PTC India Financial Services (PFS) has reported a 28 percent decline in its net profit to Rs 31.85 crore for the September 2020 quarter. The non-banking finance company had posted a net profit of Rs 44.24 crore in the corresponding quarter of the previous financial year.
"The net profit stands at Rs 32 crore, with an improvement in our net interest margins to 3.58 percent. "With much-needed liquidity boost, we are now increasing our focus on lending towards sustainable infrastructure projects, renewables, HAM (hybrid annuity model) projects, waste management, sewage treatment plants, gas distribution and electric vehicle charging," PFS said in a statement on Friday.
Total income during July-September 2020 also fell to Rs 297.98 crore, against Rs 354.11 crore in the year-ago period, PFS said. The company has received additional credit lines of Rs 700 crore in the second quarter of 2020-21, it said.
PFS said its total outstanding credit — aggregate of loan assets and non-fund based commitments against sanctioned loans — stood at Rs 11,638 crore as on September 30, 2020. Loan assets aggregated to Rs 11,194 crore and outstanding non-fund-based commitments aggregated to Rs 444 crore.
Gross non-performing accounts (GNPAs) stood at 8.46 percent and net NPA at 4.74 percent at the end of September 30, 2020. "The company is expecting further reduction in its NPA level in the coming quarters with resolution of few of its stress accounts," it added.

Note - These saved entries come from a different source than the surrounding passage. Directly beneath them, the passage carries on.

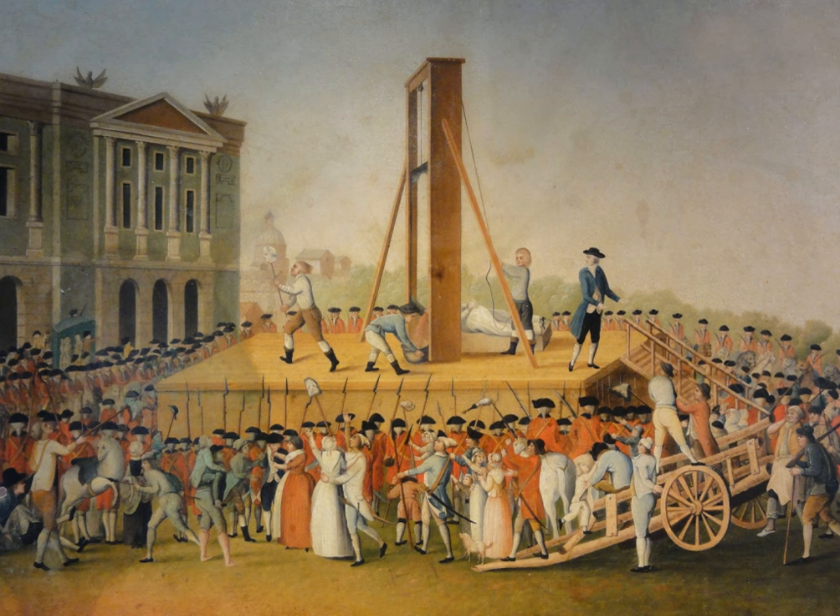A guillotine is an apparatus designed for efficiently carrying out executions by beheading. The device consists of a tall, upright frame in which a weighted and angled blade is raised to the top and suspended. The condemned person is secured with stocks at the bottom of the frame, positioning the neck directly below the blade. The blade is then released to quickly fall and forcefully decapitate the victim with a single, clean pass so that the head falls into a basket below.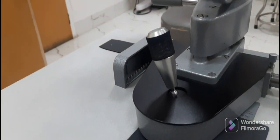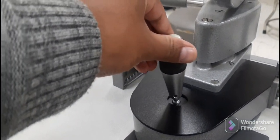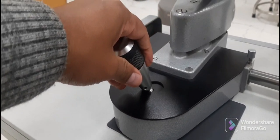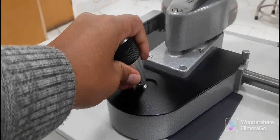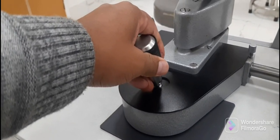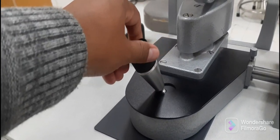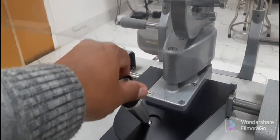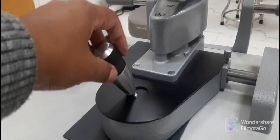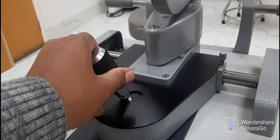This is the joystick, used to move the slit lamp in various directions according to the adjustment needed for the patient. By using the joystick, the slit lamp can be moved backward, forward, left, and right. By rotating the joystick in a clockwise direction, the slit lamp moves upward, and anticlockwise, it moves downward.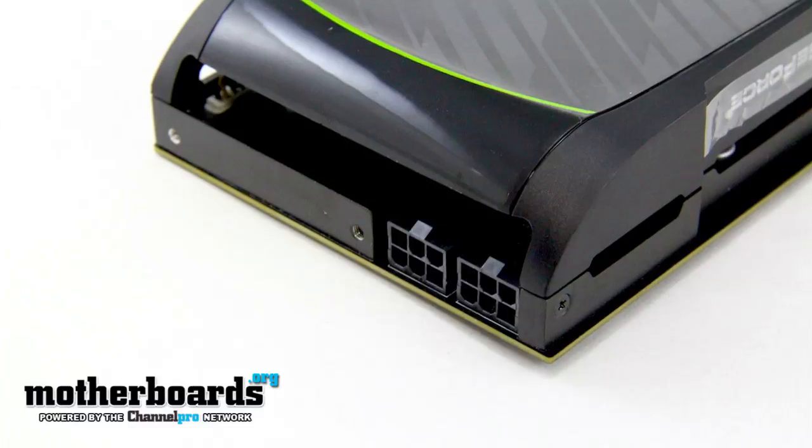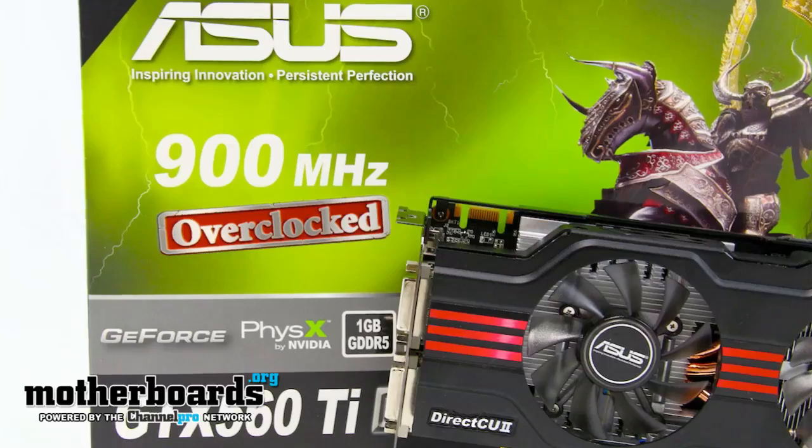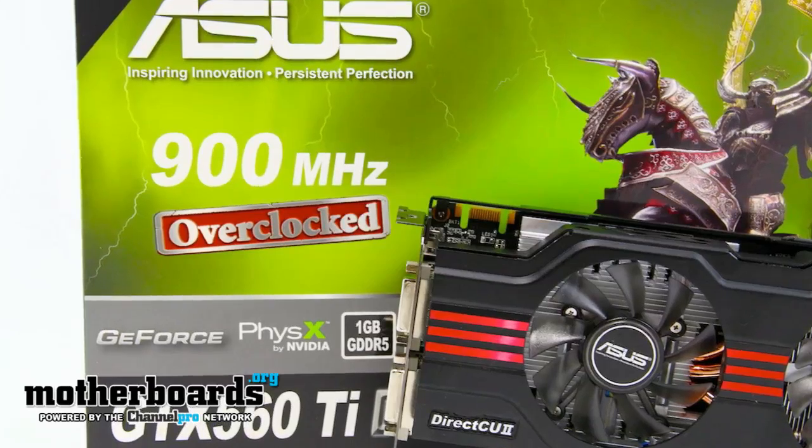We've used one of the cards, which is a standard reference card that we got from NVIDIA. We're also using the overclocked version that we got from ASUS, but we're going to set them both to the reference clock speeds for these videos. So let's check this out and see how the new GTX 560 runs in SLI mode.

The firm said its capital adequacy ratio as on September 30, 2020, stood at 24.06 percent, comprising tier-1 at 23.32 percent and tier-2 at 0.74 percent. The debt-to-equity ratio has reduced to 4.30 times. "The consolidation phase of the company is now over, and we are looking ahead towards a future of resurgence, expansion and growth," PFS said.It added that the company's priority towards maintaining a clean balance sheet, both in terms of nature of business and quality of assets, remains untethered. "We strive to improve our NIMs (net interest margins), cost of borrowings and all operating margins to position the company for sustainable growth."